[Exercise] Lines holding the string "Loose" are the ones to copy; find them all in the data.

::: Records for the exercise :::

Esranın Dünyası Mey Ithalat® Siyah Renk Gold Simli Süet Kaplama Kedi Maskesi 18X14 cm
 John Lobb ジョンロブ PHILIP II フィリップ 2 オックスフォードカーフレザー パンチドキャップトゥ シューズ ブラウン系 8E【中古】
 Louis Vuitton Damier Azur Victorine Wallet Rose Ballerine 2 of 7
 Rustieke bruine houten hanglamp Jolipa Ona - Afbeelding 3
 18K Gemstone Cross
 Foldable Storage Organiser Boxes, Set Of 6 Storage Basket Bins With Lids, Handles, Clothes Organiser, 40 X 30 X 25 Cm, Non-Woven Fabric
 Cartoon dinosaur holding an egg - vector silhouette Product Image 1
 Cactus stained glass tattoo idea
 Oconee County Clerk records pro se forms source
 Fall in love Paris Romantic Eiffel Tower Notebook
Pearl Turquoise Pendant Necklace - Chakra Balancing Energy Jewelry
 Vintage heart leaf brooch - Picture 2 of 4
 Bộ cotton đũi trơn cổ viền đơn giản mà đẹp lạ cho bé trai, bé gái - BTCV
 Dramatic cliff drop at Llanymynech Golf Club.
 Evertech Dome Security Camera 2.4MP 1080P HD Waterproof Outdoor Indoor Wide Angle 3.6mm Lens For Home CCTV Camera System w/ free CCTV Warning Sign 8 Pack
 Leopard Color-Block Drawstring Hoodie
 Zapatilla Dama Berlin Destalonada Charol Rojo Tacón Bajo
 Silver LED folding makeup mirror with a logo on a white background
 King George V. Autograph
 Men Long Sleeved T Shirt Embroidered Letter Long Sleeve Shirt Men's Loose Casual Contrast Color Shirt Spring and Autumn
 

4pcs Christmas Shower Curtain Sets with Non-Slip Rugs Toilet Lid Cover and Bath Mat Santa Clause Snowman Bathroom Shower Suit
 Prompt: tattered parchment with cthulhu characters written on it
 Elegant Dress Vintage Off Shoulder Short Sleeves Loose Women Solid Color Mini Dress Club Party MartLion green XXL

:::

[Answer for the task]
 Men Long Sleeved T Shirt Embroidered Letter Long Sleeve Shirt Men's Loose Casual Contrast Color Shirt Spring and Autumn
 Elegant Dress Vintage Off Shoulder Short Sleeves Loose Women Solid Color Mini Dress Club Party MartLion green XXL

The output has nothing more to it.